The following works for me. First let a=0 and consider what integers you can construct with just the difference of two sqaures $$b^2 - c^2$$. By considering the expansion you should easily be able to show that any odd number can be composed from the difference of the two squares alone.

Actually lots of even numbers can be made from the difference of the two sqaures as well, though not all. For example it's also easy to show that all integers that are a multiple of 4 can also be contructed, though you dont even need that result here. Once you've establish that b^2-c^2 can make any odd number then just leave a=0 for odd numbers and set a=1 to make all the evens.

Last edited: Feb 17, 2007
5. Feb 18, 2007

### ssd

n must be even or odd or 0.
The case of n=0 is trivial, a=b=c=0

n is even: n=2k, k=1,2,...
2k= 1^2 + k^2 - (k-1)^2

n is odd: n=2k-1, k=1,2,...
(2k-1)= 0^2 + k^2 - (k-1)^2

Last edited: Feb 18, 2007
6. Feb 18, 2007

### uart

Actually zero is an even number.

7. Feb 18, 2007

### ssd

Yes, you are right. But, here as the case of n=0 gives rise to a trivial solution of all 0's (a=b=c=0), I separately mentioned the case notwithstanding it was a repetition.
As a matter of fact, the values of 'k' I mentioned, should be k=...-2,-1,0,1,2,...

Last edited: Feb 18, 2007
8. Feb 18, 2007

### uart

Yeah it was ok to treat zero as a seperate case here, though not totally required. Many of the numbers have multiple ways of being expressed. For example zero could just as easily have been expressed as $$0 = 1^2 + 0^2 - 1^2$$, which is again just one plus an odd number and not a special case.

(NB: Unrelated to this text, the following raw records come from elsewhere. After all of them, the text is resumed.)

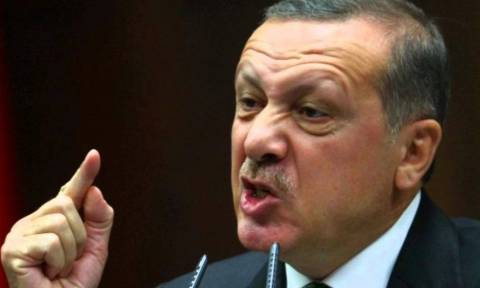 Έξαλλος ο Ερντογάν για το δημοψήφισμα των Κούρδων: Θα το πληρώσετε ακριβά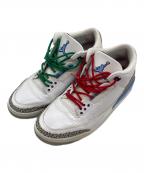 NIKEナイキ）の古着「Air Jordan 3 Retro 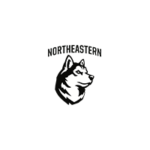 Northeastern Huskies Logo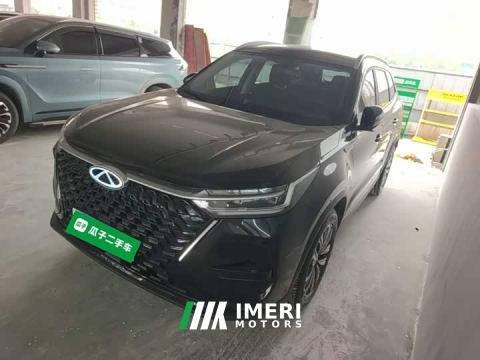 2025 Chery Tiggo 8 PRO 290T Two-Wheel Drive Comfort Edition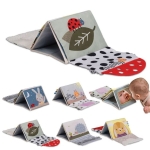 Сензорна бебешка книжка Taf Toys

The result that I was hoping that the OP would come to by himself (by looking at the expansion of the difference of the two sqaures) was that any integer that can be expressed as a product of two factors can be expressed as a difference of two squares provided that those two factors differ by an even number. This of course means that any number that can be factored as odd times odd or even times even can be expressed as a difference of two squares. That in turn implies that all odd numbers and every second even number can be expressed in this way.